Spur Elute is the first and only retrievable self-expanding scaffold with radially expandable spikes, combined with an integrated balloon, both of which are drug coated. It is designed to treat patients with coronary ISR by dilating and delivering a sirolimus drug formulation unique to Reflow Medical.
“ISR is an inherent risk of permanent stent implantation, leading to substantial healthcare costs, and is often associated with increased risks of death and rehospitalisation,” said William Lombardi (UW Medicine Heart Institute, Seattle, USA), a member of the Reflow Medical scientific advisory board. “It is great to collaborate with a company committed to addressing coronary challenges with innovations such as the Spur Elute.”
The DEEPER CORONARY first-in-human study successfully completed enrolment with nine subjects treated. Participants will continue follow up for one year after the procedure.
Known as retrievable scaffold therapy (RST), the Spur Elute spikes create channels to increase uptake of the antiproliferative drug into the vessel wall, while dilating the arterial lumen to maximise luminal gain and reduce restenosis.
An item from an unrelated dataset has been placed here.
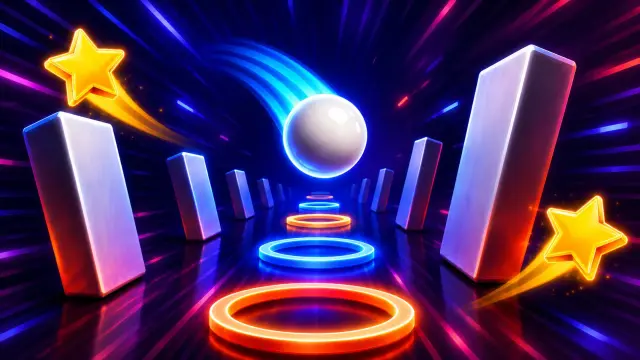Hoop Bounce - Xbox One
The system is then fully removed without leaving a permanent metallic implant behind.
Scott Harding (Wellington Hospital, Wellington, New Zealand), principal investigator of the DEEPER CORONARY trial, commented: “The preliminary results of the trial are encouraging, highlighting the potential of Spur Elute to address the challenges of ISR. It is designed to reduce neointimal hyperplasia and recoil of the hyperplastic neointima without leaving another stent behind.”
Isa Rizk, chief executive officer and co-founder of Reflow Medical, added: “The completion of enrolment in the DEEPER CORONARY study is an important milestone for patients suffering from coronary in-stent restenosis, and for the physicians dedicated to treating this challenging condition. We are proud of our team and partners for making this possible and look forward to sharing the first clinical results at TCT 2025.”
Late-breaking data from DEEPER CORONARY will be presented by Harding at the Cardiovascular Research Foundation’s TCT 2025 (25–28 October, San Francisco, USA) in the innovation category. Highlights will include the primary endpoint, treatment of the target lesion with the investigational device without the occurrence of in-hospital major adverse cardiovascular events (MACE; defined as all-cause death, myocardial infarction, and any clinically driven target lesion revascularisation), as well as secondary endpoints of lesion success and safety data through 30 days.